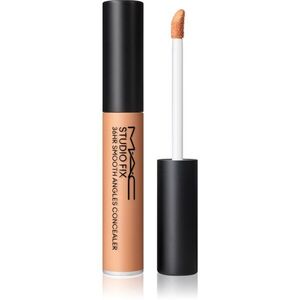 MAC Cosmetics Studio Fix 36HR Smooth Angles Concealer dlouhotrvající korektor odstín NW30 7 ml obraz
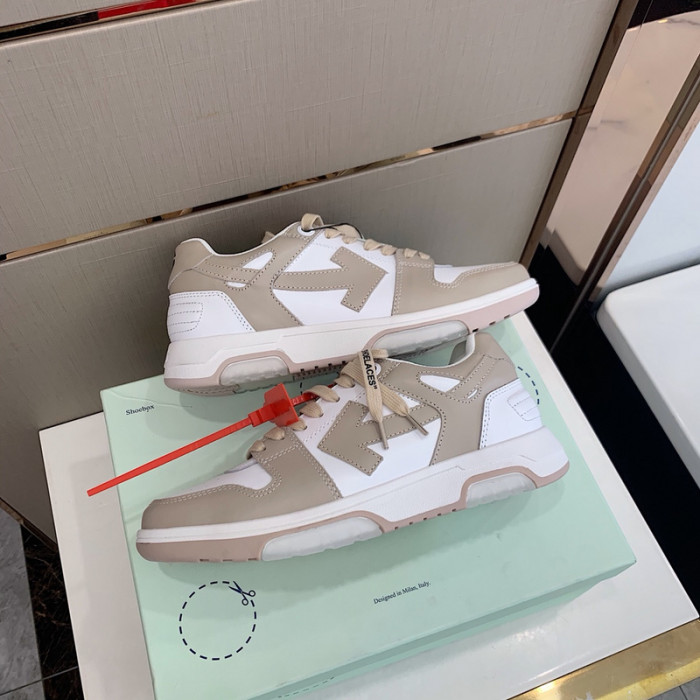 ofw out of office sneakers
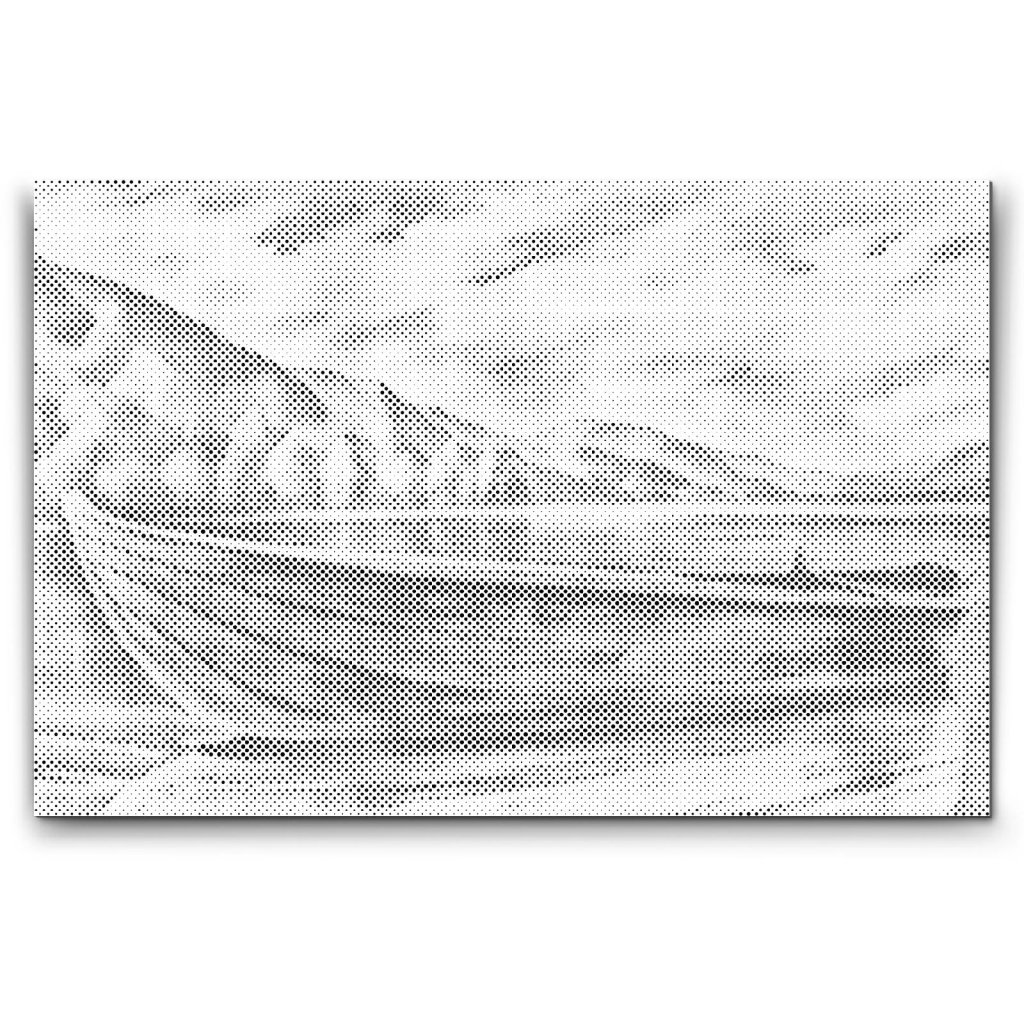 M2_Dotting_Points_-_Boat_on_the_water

+-------+

Reproduce every line above exactly, pictures excluded.

◆ Worked solution
 MAC Cosmetics Studio Fix 36HR Smooth Angles Concealer dlouhotrvající korektor odstín NW30 7 ml obraz
 ofw out of office sneakers
 M2_Dotting_Points_-_Boat_on_the_water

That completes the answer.